I’ve been on a Greek mythology kick this summer. If the desire to create stories, like those of classical mythology, is universal, what are the myths of today? I’d argue that superhero stories are the modern equivalent of classical mythology.
They are basic stories and characters that are familiar to almost all of us. The artist doesn’t invent the characters or their stories, he provides his own twist with his own telling of these familiar stories. Similarly, Sophocles did not invent the story of Oedipus, Euripedes did not invent the story of Iphigenia, etc… Each play or each telling of an epic poem was like each “re-boot” of the Batman, Spiderman, or Superman sagas — changing the emphasis and minor plot points in order to create a new meaning from a familiar character and story.
Greg has suggested this connection between modern superhero stories and classical mythology by trying to connect current directors and writers with their ancient equivalents. But I want to take the point even further. Not only are the modern makers of superhero movies like the playwrights of antiquity, their stories serve the same purpose for us and do so in very similar ways. Neither the new Batman series nor others attempt to capture realism in their plots. As real as they make the action and special effects, the plots and characters are obviously unrealistic. We only accept them because they fit within the genre of a hero story — with their defining flaws, archetype villains, and endurance for suffering and sacrifice. As ironic and post-modern as we like to think of ourselves, we are as willing to suspend disbelief for hero stories as were the ancients.
In addition, the plots of the Christopher Nolan Batman as well as other superhero sagas are designed to make sense of the world and offer some moral guidance, just as ancient myths did. (SPOILER ALERT) The Nolan Batman evokes images of our post 9-11 experience with terror, the need for security, and the price we pay for that need.

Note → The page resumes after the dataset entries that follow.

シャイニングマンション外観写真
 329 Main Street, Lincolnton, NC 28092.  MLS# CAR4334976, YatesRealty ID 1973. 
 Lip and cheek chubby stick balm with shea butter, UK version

In his earlier posts, Greg suggested that the message of Nolan’s Dark Knight is that political and social order may require a lie. The new movie makes clear that lies have their consequences and are ultimately self-defeating. And as the earlier Dark Knight films emphasized the need not to be paralyzed by fear, the current movie suggests the opposite danger of being completely without fear. And in earlier movies we learned that the rich and powerful were fundamentally corrupt, but in the new movie we see that rule by The People is at least as horrifying. And a final paradox– in previous movies Batman learned that his success requires not trusting others because they are unreliable, but in the current movie we see that success ultimately requires trusting others despite their unreliability.
Perhaps the moral of Nolan’s Batman is also drawn directly from the Greeks. We know that “Carved into the temple [to Apollo at Delphi] were three phrases: γνῶθι σεαυτόν (gnōthi seautón = “know thyself“) and μηδέν άγαν (mēdén ágan = “nothing in excess”), and Ἑγγύα πάρα δ’ἄτη (eggýa pára d’atē = “make a pledge and mischief is nigh”), I’m not sure Nolan could have summarized the messages of his Batman trilogy more succinctly.